Ora, vamos lá. Capacete: check! Escudo: check! Colete à prova de balas: check!. Acho que já posso dizer isto: perdi a paciência para o FM.

Eu, que passei noites em claro a pensar como encaixar o Bakayoko, o Guti e o Caminero no meio campo do Atlético de Madrid; que festejei aos saltos quando consegui levar o Penev para o Paços de Ferreira; que achava que o Dínamo Tbilisi era a maior potência da Europa de Leste em 98; que dei a Hugo Pinheiro e Tó Madeira a titularidade no Real Madrid. 

Tó Madeira existe mesmo (mas marca menos golos)

Eu, que ganhei a Liga dos Campeões com o Chievo Verona num imaginário 2006 (à primeira,que com batota é mais fácil); que vi Tsigalko marcar sete golos ao V. Setúbal no mesmo jogo; que perdi a paciência vezes sem conta com o Shakhtar Donetsk que me pedia um balúrdio pelo Aghahowa.

Eu também vi a mensagem que me mandava mudar de roupa interior. Também disse de Adu ou Rentería: «No FM é craque!».

Mas fartei-me. Porquê? Não sei bem, mas acho que foi do detalhe. Há dois anos já nem uma temporada completei, no ano passado nem instalei o jogo, este ano nem quis saber. Para mim é passado.

Perdi a paciência para conferências de imprensa (as vezes que eu saí de rompante!), para treinos individuais, para buscas pelos melhores em finalização, passe e jogo de cabeça, para mandar o adjunto dar as palestras.

O problema é que o FM deixou de ser, para mim, o que deveria ser por essência: um jogo. Hoje é uma ferramenta, uma base de dados de luxo à qual tiro o meu chapéu.

Mas, no fundo, é como os telemóveis de última geração, que servem para ir à internet, enviar e-mails, tirar fotografias, editá-las, filmar ou jogar. E às vezes nem encontrámos o básico: o sítio para fazer chamadas.

E o FM é isto. Tornou-se isto. É um jogo profissional. Desses, peço desculpa, mas passo.

Prefiro o Elifoot. O velhinho, que cabia inteirinho numa disquete. Desse não me lembro de uma má memória.

Quem não conhece, quem está habituado às 1001 opções, aos treinos detalhados, às dezenas de características para cada jogador, nunca vai saber o prazer que é fazer um campeonato inteiro em hora e meia.

O que há para não gostar num jogo em que há uma opção que diz literalmente: escolher os melhores.

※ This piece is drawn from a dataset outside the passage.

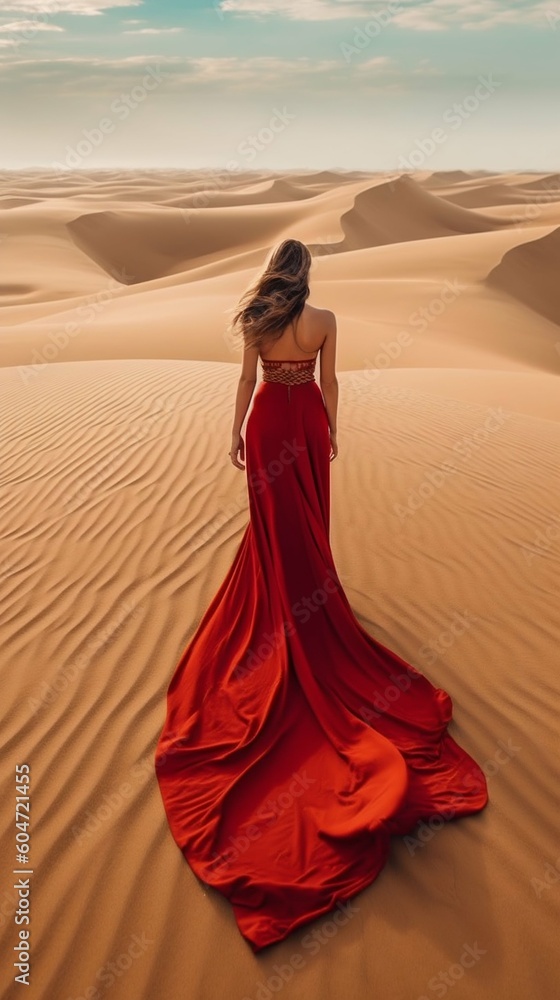Obraz premium Woman Walking Through Sand Dunes in a Red Dress. Generative ai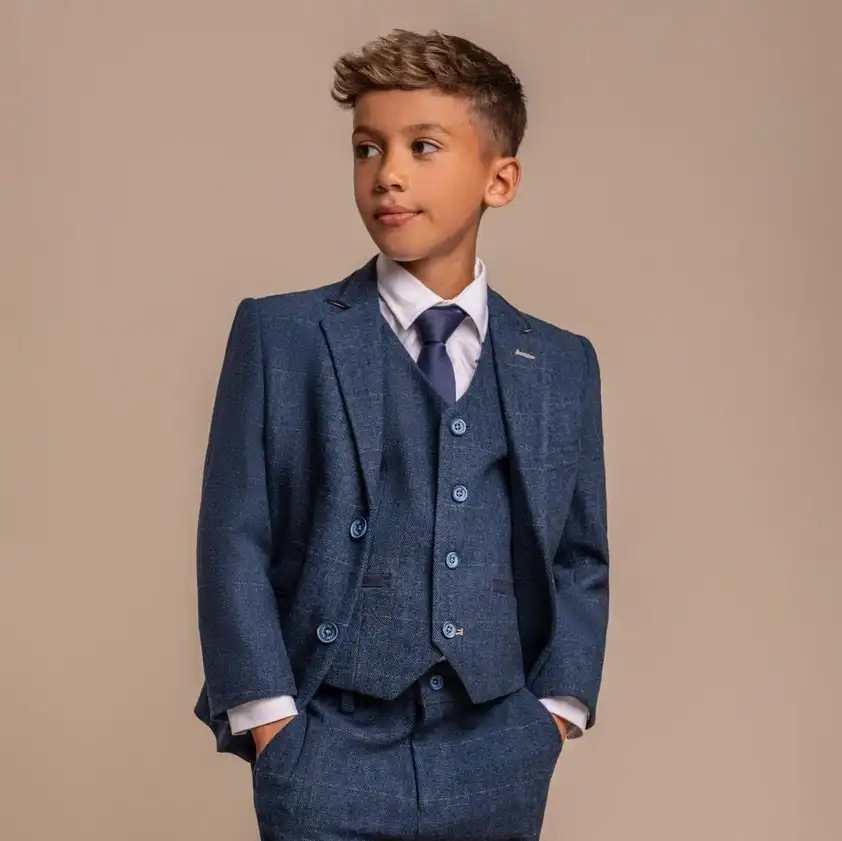 Boys Carnegi Navy Tweed 3 Piece Suit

É a melhor tática de sempre! Alt-F2 e lá vão eles. Até podem ser oito defesas e dois avançados. Se são os melhores, são eles que jogam.

Como esquecer as tardes a jogar em grupo, que obrigavam a definir regras à priori para o leilão de jogadores (não havia outra forma de controlar). Havia a versão simples: o nome que aparecer primeiro tem preferência. E a versão dramática: enquanto um faz a proposta os outros fecham os olhos. E ai de quem fizer batota! Era discussão para interromper o jogo por uma hora.

Há algo melhor do que ser despedido por uma mensagem, com fundo negro e letras amarelas a dizer que «você não vale a ponta de um corno»?

O que pode ser mais desafiante do que levar o União de Lamas da 4ª à 1ª Divisão e tentar levar todos os jogadores ao número 50 de força. Sim, porque ali não há finalização, passe, remate, desarme...A força é tudo. É o futebol dos 80's.

Por isso, enquanto me despeço das boas memórias do FM, lembro com saudade os tempos do Elifoot. Do MS-DOS. Não tinha Tó Madeira, mas tinha Bambo. Ou Fua, Carlos Zara e Rudi. Menos populares, igualmente mortíferos.

Ao nome que aparecia debaixo do logotipo e que não faço ideia sobre o que faz hoje em dia, fica a minha homenagem: André Elias, vai daqui um abraço. Obrigado pelas memórias.